InterAct: Advancing Large-Scale Versatile 3D Human-Object Interaction Generation (2509.09555v1)

Published 11 Sep 2025 in cs.CV

Abstract: While large-scale human motion capture datasets have advanced human motion generation, modeling and generating dynamic 3D human-object interactions (HOIs) remain challenging due to dataset limitations. Existing datasets often lack extensive, high-quality motion and annotation and exhibit artifacts such as contact penetration, floating, and incorrect hand motions. To address these issues, we introduce InterAct, a large-scale 3D HOI benchmark featuring dataset and methodological advancements. First, we consolidate and standardize 21.81 hours of HOI data from diverse sources, enriching it with detailed textual annotations. Second, we propose a unified optimization framework to enhance data quality by reducing artifacts and correcting hand motions. Leveraging the principle of contact invariance, we maintain human-object relationships while introducing motion variations, expanding the dataset to 30.70 hours. Third, we define six benchmarking tasks and develop a unified HOI generative modeling perspective, achieving state-of-the-art performance. Extensive experiments validate the utility of our dataset as a foundational resource for advancing 3D human-object interaction generation. To support continued research in this area, the dataset is publicly available at https://github.com/wzyabcas/InterAct, and will be actively maintained.

Summary

The paper introduces InterAct, a benchmark augmenting 30.70 hours of high-fidelity 3D HOI data enabling six diverse generation tasks.
It employs a marker-based human representation and a three-stage unified optimization to drastically reduce artifacts and enhance motion fidelity.
Comprehensive experiments demonstrate improved metrics in contact precision, diversity, and downstream control performance for physics-based imitation.

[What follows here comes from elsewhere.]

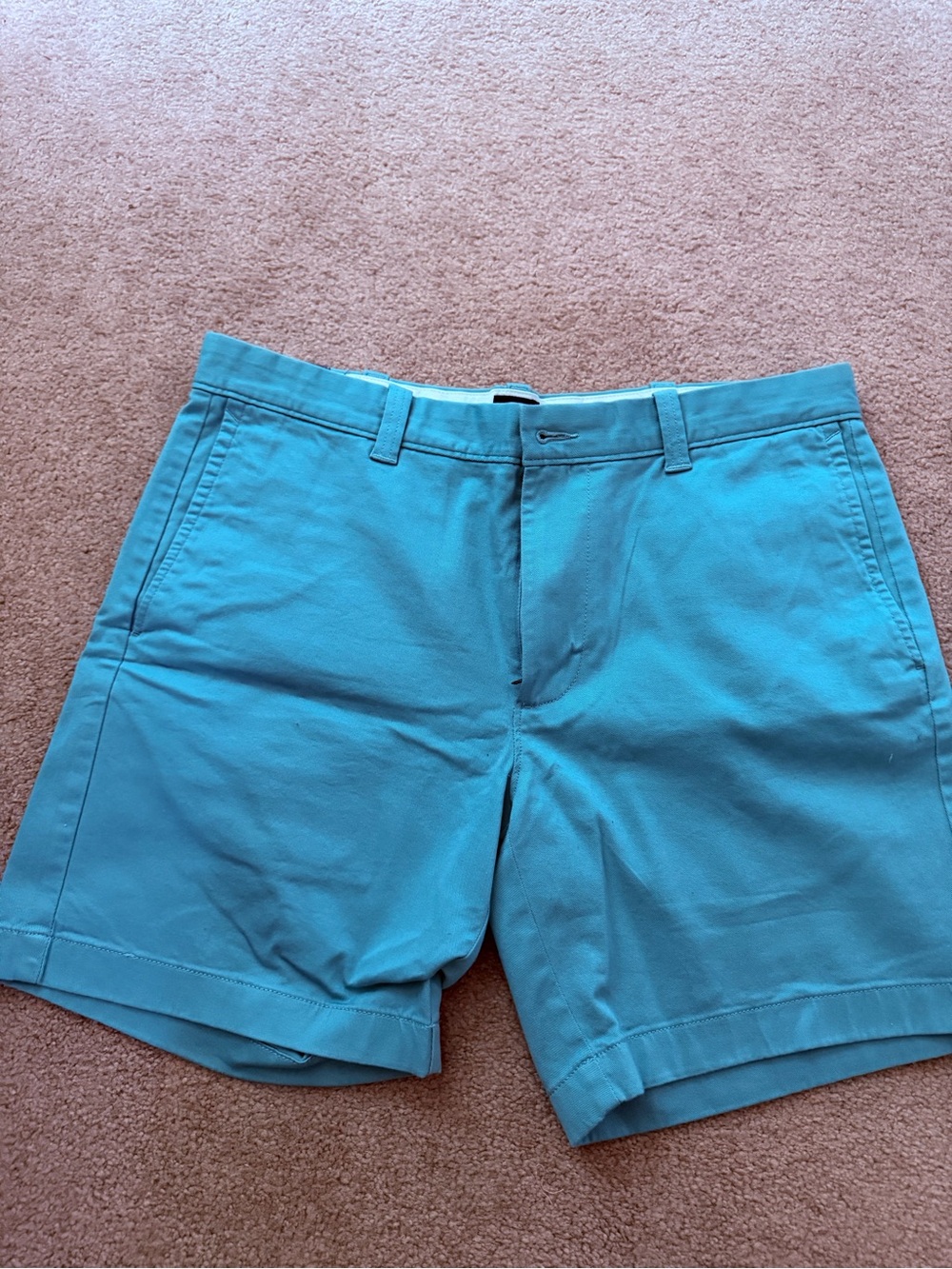 J. Crew Men's Turquoise Flat Front Shorts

InterAct: A Large-Scale Benchmark for Versatile 3D Human-Object Interaction Generation

Introduction and Motivation

The paper introduces InterAct, a comprehensive benchmark and dataset for 3D human-object interaction (HOI) generation, addressing critical limitations in existing datasets such as insufficient scale, poor annotation quality, and prevalent physical artifacts. The authors consolidate and standardize data from seven major sources, resulting in 21.81 hours of curated interactions, and further augment the dataset to 30.70 hours using a unified optimization framework. This enables the definition and evaluation of six distinct HOI generation tasks, facilitating robust benchmarking and model development for applications in robotics, animation, and embodied AI.

Figure 1: The data processing pipeline for InterAct, including consolidation, annotation via foundation models, correction, and interaction illustration, with statistics on motion and text annotations.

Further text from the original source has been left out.